(RECORDS FOR PROCESSING begins)

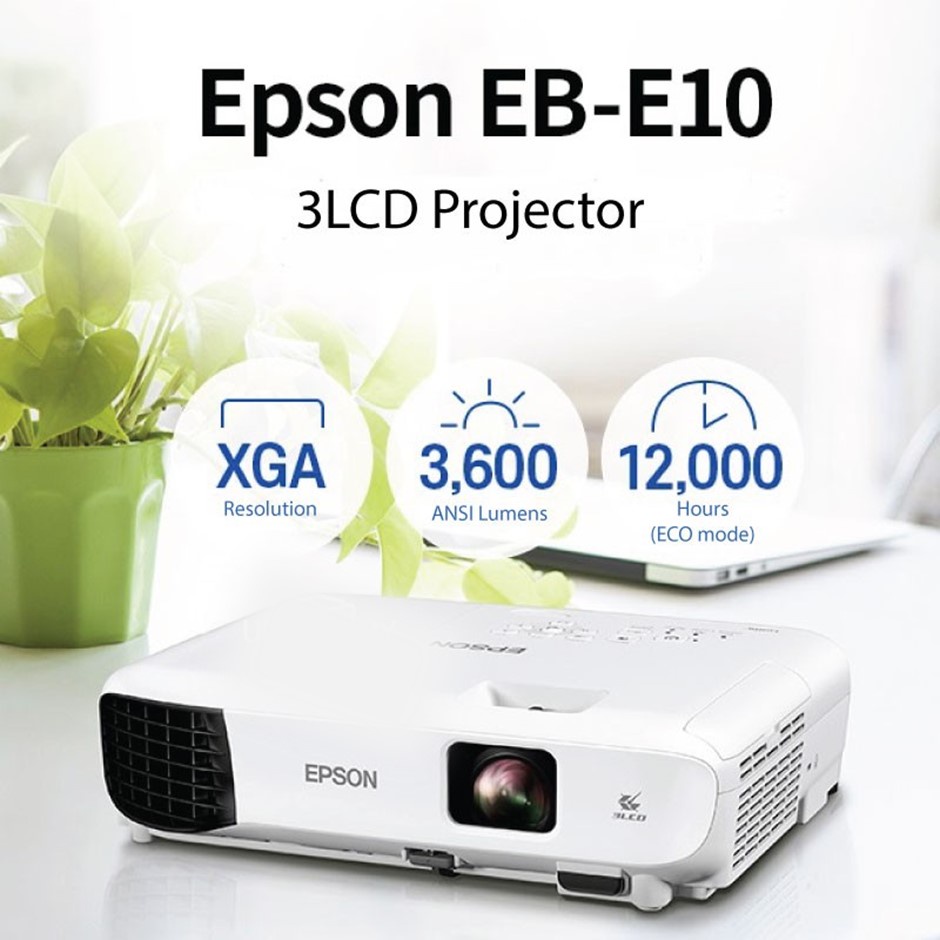 Epson EBE10 XGA 3LCD Projector Shopee Philippines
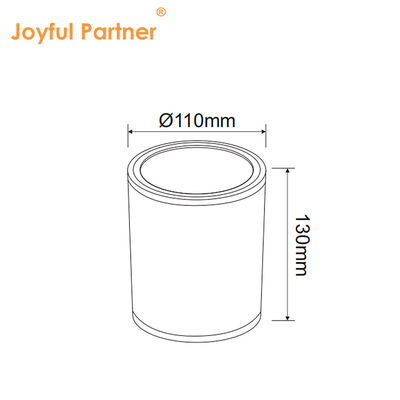 15W सीओबी एलईडी डाउनलाइट सिलेंडर वॉल माउंट लाइट कॉम्पैक्ट डिजाइन सतह फिक्स आउटडोर के लिए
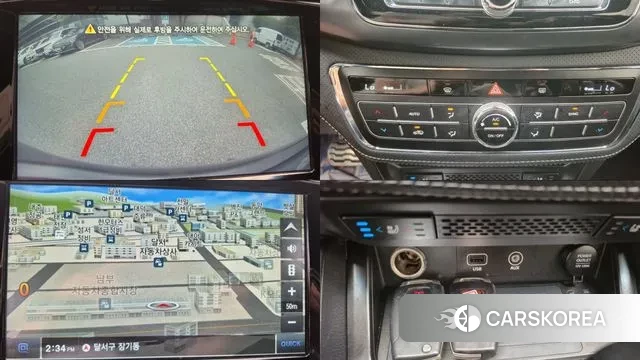 Ssangyong The New Rexton Sports Cannes 2021 Темно-зеленый из Кореи, фото 4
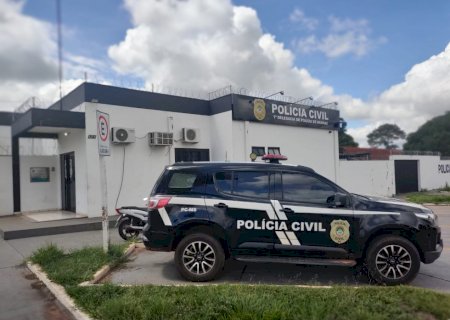 Polícia Civil prende homem em flagrante por furto qualificado em Naviraí
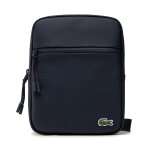 Sacoche lacoste m flat crossover bag nh3308lv bleu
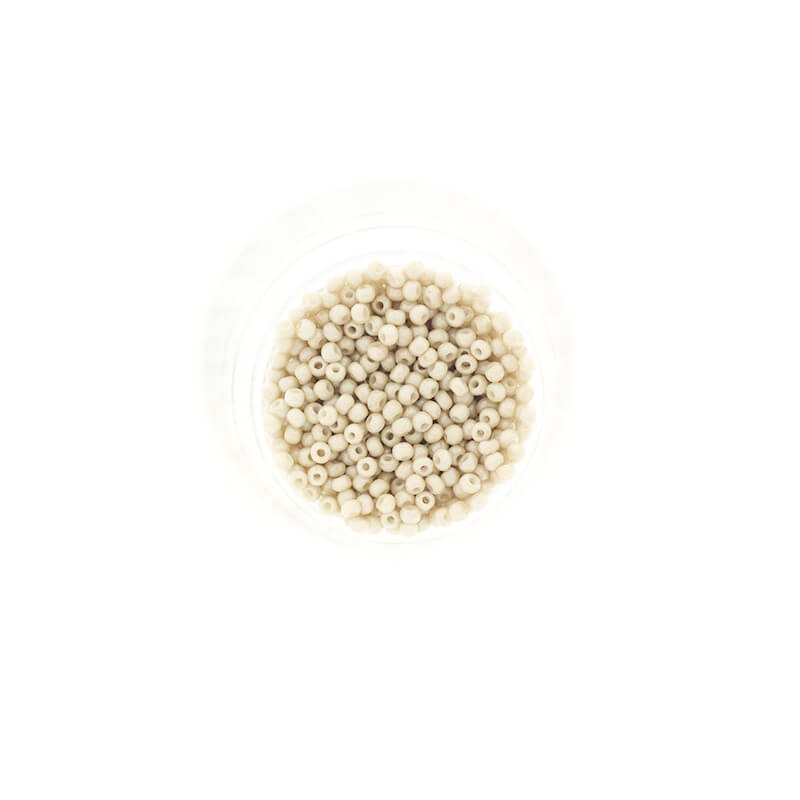 Beads small / SeedBeads / Very Latte Pearl Satin (12/0) 10g SZDR20SA003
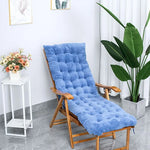 coussin chaise bascule mousse pe polyester moderne confortable patch travail uni doux opaque
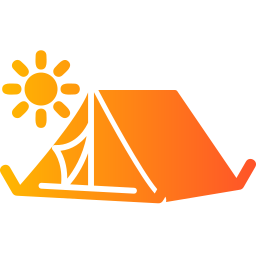 Tent icon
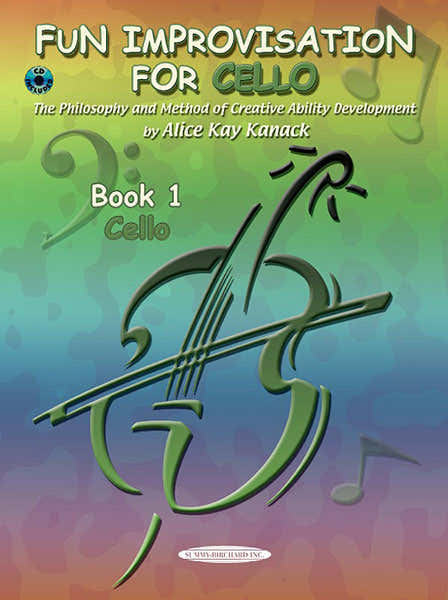 Kanack Alice Kay - Fun Improvisation + CD - Cello And Piano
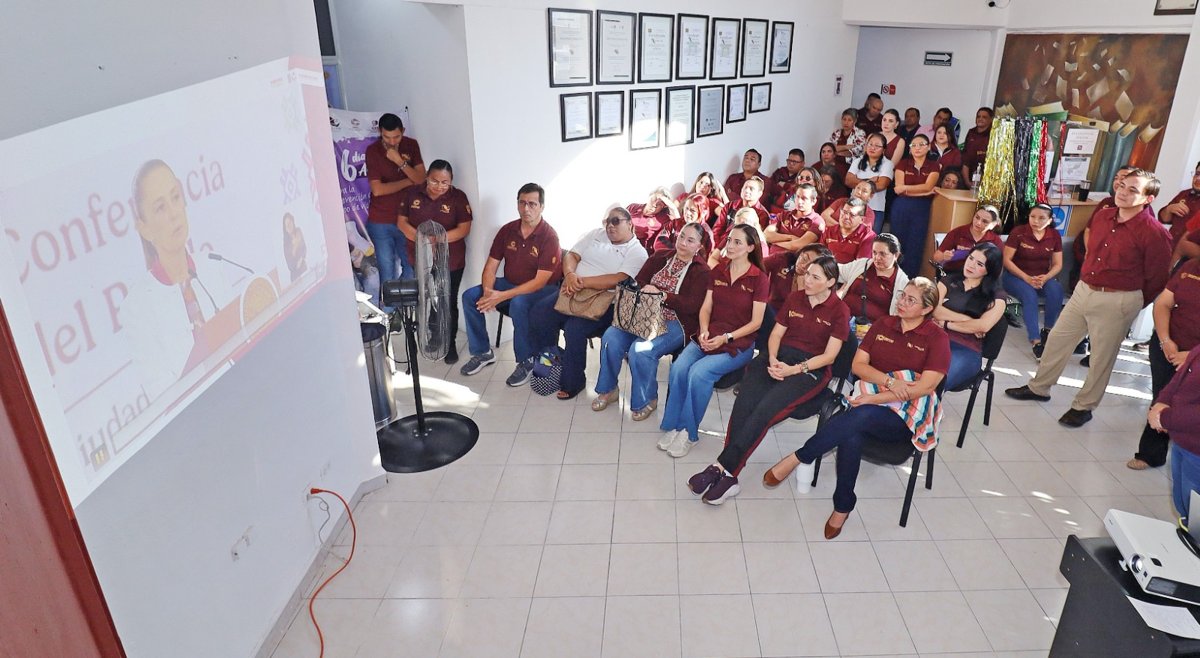 CECYTEC TRABAJA EN ESTRATEGIA DE MODERNIZACIÓN EDUCATIVA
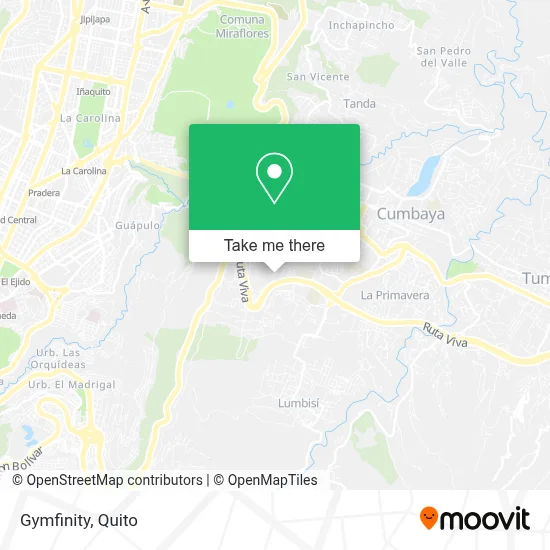 Gymfinity map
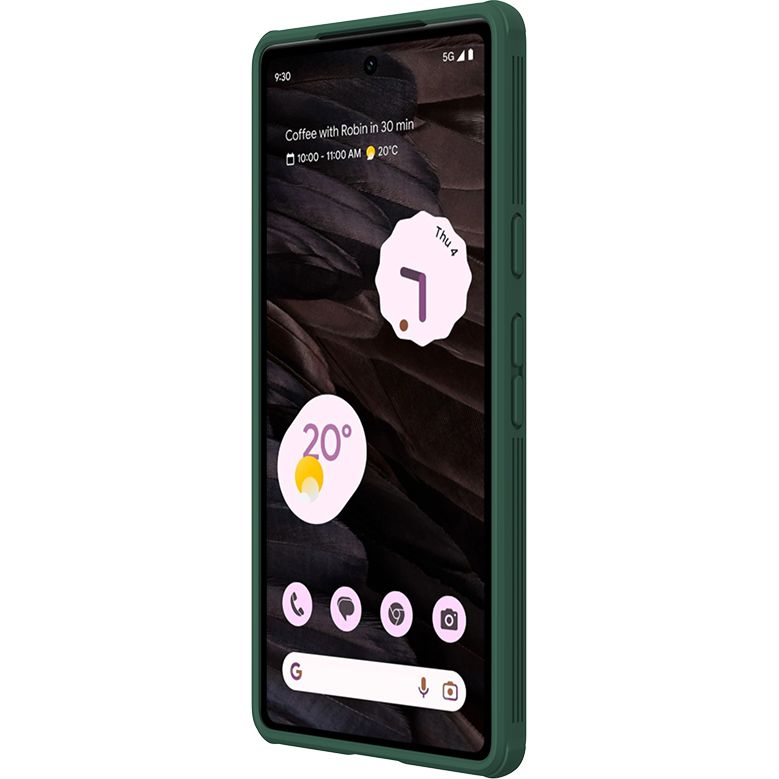 Schutzhülle Nillkin CamShield Pro für Google Pixel 7A, Grün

(RECORDS FOR PROCESSING ends)

• **TASK STATEMENT**
Omit the pictures; restate every entry word for word.

• **COMPLETED TASK**
 Epson EBE10 XGA 3LCD Projector Shopee Philippines
 15W सीओबी एलईडी डाउनलाइट सिलेंडर वॉल माउंट लाइट कॉम्पैक्ट डिजाइन सतह फिक्स आउटडोर के लिए
 Ssangyong The New Rexton Sports Cannes 2021 Темно-зеленый из Кореи, фото 4
 Polícia Civil prende homem em flagrante por furto qualificado em Naviraí
 Sacoche lacoste m flat crossover bag nh3308lv bleu
 Beads small / SeedBeads / Very Latte Pearl Satin (12/0) 10g SZDR20SA003
 coussin chaise bascule mousse pe polyester moderne confortable patch travail uni doux opaque
 Tent icon
 Kanack Alice Kay - Fun Improvisation + CD - Cello And Piano
 CECYTEC TRABAJA EN ESTRATEGIA DE MODERNIZACIÓN EDUCATIVA
 Gymfinity map
 Schutzhülle Nillkin CamShield Pro für Google Pixel 7A, Grün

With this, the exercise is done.